SOURCE RECORDS.
__________________________________________________

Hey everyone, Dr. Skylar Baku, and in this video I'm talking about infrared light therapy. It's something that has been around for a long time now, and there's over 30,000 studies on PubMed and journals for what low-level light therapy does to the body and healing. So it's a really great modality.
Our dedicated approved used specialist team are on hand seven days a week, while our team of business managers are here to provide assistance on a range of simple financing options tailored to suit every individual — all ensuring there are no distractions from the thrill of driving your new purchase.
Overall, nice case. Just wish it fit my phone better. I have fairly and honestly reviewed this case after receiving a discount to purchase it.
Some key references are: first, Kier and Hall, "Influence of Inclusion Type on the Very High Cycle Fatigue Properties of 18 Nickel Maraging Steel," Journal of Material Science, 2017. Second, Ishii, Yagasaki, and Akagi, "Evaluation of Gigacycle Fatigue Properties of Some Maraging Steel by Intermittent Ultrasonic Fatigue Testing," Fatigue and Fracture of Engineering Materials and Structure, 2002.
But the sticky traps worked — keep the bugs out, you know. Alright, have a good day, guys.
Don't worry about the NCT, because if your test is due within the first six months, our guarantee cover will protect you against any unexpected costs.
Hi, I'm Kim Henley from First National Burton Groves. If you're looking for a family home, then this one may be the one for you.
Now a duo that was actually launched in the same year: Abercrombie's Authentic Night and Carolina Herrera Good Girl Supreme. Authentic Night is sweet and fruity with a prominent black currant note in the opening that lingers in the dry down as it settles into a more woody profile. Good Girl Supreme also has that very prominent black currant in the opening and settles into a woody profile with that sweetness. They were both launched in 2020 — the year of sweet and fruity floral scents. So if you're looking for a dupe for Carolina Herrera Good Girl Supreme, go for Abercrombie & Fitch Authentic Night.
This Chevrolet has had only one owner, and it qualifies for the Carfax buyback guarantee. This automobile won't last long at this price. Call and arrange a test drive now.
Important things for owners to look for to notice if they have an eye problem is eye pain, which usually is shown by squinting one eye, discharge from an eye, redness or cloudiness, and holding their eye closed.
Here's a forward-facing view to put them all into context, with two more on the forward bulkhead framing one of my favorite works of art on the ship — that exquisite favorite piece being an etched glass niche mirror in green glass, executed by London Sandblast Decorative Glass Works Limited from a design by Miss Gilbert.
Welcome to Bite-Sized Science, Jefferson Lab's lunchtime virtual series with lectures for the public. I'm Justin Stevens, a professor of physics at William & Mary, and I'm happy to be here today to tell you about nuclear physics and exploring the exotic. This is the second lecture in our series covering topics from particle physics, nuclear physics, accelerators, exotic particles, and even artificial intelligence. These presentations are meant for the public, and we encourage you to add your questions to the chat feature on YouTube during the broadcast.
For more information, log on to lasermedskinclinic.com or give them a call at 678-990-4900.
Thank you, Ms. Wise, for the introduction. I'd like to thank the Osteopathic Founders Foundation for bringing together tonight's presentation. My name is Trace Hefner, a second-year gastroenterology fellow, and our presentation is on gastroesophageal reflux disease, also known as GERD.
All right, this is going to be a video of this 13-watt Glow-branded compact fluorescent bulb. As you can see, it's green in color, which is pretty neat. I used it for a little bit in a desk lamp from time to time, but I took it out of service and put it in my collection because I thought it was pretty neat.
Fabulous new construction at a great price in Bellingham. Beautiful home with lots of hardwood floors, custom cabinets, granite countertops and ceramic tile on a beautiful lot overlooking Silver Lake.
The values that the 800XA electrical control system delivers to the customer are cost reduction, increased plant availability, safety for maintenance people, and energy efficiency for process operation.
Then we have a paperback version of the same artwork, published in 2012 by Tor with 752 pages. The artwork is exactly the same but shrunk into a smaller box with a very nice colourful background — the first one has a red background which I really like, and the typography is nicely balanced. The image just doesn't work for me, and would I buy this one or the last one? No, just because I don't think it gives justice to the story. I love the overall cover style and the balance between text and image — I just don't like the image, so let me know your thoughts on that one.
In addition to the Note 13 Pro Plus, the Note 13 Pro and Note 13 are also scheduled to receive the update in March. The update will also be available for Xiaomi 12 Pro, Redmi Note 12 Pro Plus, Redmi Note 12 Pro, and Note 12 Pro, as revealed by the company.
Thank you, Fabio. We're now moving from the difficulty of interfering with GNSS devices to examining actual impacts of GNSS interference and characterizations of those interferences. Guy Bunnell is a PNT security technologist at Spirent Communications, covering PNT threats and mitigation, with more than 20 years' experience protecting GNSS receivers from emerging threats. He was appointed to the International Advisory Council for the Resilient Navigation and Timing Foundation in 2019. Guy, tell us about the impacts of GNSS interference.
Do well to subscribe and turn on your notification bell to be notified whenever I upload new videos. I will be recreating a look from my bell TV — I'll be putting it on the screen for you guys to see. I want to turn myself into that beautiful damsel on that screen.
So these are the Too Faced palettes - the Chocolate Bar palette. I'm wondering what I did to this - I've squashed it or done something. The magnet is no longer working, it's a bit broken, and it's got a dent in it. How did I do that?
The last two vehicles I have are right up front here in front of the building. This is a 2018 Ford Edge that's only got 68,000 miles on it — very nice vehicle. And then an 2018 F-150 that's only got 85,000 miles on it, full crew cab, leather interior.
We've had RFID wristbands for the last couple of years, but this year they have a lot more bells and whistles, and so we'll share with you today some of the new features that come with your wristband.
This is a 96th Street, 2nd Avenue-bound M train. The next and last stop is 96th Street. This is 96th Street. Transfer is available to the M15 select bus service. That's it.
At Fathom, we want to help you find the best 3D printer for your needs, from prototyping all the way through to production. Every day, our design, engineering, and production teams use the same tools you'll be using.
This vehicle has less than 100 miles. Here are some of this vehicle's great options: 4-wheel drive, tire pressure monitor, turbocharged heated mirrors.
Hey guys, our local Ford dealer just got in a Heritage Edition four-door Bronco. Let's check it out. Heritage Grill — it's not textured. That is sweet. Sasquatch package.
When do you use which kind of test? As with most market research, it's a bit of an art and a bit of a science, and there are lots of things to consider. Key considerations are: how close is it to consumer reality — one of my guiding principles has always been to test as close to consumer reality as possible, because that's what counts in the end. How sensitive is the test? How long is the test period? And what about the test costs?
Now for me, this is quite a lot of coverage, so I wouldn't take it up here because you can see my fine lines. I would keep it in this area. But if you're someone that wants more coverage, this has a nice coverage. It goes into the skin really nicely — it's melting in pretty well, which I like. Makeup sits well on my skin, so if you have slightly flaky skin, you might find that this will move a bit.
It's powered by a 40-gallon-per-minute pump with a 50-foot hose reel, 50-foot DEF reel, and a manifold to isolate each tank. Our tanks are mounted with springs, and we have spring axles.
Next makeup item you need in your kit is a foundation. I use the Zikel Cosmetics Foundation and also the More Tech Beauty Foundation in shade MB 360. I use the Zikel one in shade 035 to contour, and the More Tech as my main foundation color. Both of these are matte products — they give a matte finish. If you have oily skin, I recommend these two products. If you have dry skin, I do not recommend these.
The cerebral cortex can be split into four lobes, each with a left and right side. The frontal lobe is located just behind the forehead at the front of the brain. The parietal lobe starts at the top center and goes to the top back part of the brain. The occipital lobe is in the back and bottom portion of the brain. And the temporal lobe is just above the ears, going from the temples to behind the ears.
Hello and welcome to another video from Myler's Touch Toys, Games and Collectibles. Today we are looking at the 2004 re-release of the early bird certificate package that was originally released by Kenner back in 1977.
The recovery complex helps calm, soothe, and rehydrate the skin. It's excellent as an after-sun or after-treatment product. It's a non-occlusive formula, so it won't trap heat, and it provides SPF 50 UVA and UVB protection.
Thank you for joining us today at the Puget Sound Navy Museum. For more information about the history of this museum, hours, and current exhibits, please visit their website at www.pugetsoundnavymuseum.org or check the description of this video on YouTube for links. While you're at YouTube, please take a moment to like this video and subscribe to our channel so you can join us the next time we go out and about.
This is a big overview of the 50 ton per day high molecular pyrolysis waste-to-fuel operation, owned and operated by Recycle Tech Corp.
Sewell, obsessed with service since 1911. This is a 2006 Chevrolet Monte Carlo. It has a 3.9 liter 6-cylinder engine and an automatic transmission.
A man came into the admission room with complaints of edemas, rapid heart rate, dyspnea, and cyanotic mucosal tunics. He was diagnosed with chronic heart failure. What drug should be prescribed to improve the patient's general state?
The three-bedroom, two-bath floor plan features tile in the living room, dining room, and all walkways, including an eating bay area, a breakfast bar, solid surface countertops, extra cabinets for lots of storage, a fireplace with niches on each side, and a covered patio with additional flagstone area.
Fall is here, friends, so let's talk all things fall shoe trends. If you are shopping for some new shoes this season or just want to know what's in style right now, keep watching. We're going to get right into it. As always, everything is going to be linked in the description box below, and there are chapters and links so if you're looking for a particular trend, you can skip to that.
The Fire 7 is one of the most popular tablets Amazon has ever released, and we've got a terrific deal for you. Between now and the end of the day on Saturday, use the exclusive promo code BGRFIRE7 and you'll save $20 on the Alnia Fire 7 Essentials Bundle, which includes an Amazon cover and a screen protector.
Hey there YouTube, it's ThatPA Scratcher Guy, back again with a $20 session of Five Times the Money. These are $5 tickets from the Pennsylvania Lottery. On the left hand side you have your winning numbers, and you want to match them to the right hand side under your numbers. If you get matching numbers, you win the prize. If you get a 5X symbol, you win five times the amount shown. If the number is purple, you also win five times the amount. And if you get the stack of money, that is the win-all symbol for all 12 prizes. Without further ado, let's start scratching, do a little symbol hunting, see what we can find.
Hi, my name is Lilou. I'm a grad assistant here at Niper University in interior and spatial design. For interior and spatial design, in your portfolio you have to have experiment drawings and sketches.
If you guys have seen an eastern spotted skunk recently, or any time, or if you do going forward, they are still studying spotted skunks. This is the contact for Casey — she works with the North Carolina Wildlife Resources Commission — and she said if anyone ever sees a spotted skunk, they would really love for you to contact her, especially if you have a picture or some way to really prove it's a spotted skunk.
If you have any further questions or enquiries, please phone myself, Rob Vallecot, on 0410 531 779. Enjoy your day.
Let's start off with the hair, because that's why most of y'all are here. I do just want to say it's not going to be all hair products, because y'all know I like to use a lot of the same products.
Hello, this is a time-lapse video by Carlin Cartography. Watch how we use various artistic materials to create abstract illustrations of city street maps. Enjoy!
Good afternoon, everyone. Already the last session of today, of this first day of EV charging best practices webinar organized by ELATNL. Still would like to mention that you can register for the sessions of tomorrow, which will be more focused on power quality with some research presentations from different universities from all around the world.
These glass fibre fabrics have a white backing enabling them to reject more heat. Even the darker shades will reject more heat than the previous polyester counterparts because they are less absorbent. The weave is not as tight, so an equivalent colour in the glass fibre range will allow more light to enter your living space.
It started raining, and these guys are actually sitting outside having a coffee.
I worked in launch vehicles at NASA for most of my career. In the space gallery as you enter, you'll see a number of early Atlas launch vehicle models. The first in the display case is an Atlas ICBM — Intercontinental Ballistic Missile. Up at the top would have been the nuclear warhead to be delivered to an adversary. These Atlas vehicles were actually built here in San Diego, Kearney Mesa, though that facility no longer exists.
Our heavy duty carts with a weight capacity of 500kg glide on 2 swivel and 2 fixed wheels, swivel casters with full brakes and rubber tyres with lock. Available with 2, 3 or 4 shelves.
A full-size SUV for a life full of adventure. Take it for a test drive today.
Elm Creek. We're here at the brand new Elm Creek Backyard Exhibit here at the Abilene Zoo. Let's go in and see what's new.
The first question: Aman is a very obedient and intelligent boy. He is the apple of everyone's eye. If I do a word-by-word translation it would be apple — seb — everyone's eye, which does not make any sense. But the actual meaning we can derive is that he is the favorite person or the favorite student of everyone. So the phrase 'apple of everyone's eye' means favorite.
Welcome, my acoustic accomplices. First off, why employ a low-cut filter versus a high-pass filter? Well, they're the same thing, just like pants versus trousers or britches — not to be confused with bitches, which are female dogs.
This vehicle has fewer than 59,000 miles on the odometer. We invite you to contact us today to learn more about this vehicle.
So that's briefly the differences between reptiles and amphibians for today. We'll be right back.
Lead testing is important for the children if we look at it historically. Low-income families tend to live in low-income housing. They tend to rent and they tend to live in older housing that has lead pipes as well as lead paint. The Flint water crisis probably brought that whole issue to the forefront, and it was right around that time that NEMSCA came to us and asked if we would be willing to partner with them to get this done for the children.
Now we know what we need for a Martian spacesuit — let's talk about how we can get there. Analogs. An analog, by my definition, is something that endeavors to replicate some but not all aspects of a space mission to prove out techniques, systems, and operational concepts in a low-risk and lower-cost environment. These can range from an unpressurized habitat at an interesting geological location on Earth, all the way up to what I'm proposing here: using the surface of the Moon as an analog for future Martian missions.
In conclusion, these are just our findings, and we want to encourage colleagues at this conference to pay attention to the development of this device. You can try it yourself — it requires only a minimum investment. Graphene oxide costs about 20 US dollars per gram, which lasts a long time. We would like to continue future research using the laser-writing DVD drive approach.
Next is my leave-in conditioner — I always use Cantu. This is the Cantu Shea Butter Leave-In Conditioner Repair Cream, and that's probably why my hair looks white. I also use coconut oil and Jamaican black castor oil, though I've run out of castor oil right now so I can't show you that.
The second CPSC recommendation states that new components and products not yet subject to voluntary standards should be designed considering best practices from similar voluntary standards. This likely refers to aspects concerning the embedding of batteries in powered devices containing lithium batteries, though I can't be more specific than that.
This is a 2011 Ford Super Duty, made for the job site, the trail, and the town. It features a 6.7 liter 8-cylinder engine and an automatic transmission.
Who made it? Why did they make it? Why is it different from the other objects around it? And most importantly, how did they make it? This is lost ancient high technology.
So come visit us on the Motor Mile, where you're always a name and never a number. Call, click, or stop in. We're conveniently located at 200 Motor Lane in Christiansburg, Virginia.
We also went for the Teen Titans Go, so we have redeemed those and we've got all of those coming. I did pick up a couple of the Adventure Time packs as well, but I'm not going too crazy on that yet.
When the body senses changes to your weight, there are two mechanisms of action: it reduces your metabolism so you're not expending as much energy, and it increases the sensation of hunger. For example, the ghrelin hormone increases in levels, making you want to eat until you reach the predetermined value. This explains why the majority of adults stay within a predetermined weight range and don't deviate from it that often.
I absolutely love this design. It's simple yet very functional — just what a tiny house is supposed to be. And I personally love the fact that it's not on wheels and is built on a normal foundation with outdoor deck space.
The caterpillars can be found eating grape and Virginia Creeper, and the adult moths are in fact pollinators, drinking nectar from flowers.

__________________________________________________

When you reach the line with "This Chevrolet has" in the records above, start writing out lines exactly, and stop once the line with "Here's a forward-facing" has been written; include nothing else.

This Chevrolet has had only one owner, and it qualifies for the Carfax buyback guarantee. This automobile won't last long at this price. Call and arrange a test drive now.
Important things for owners to look for to notice if they have an eye problem is eye pain, which usually is shown by squinting one eye, discharge from an eye, redness or cloudiness, and holding their eye closed.
Here's a forward-facing view to put them all into context, with two more on the forward bulkhead framing one of my favorite works of art on the ship — that exquisite favorite piece being an etched glass niche mirror in green glass, executed by London Sandblast Decorative Glass Works Limited from a design by Miss Gilbert.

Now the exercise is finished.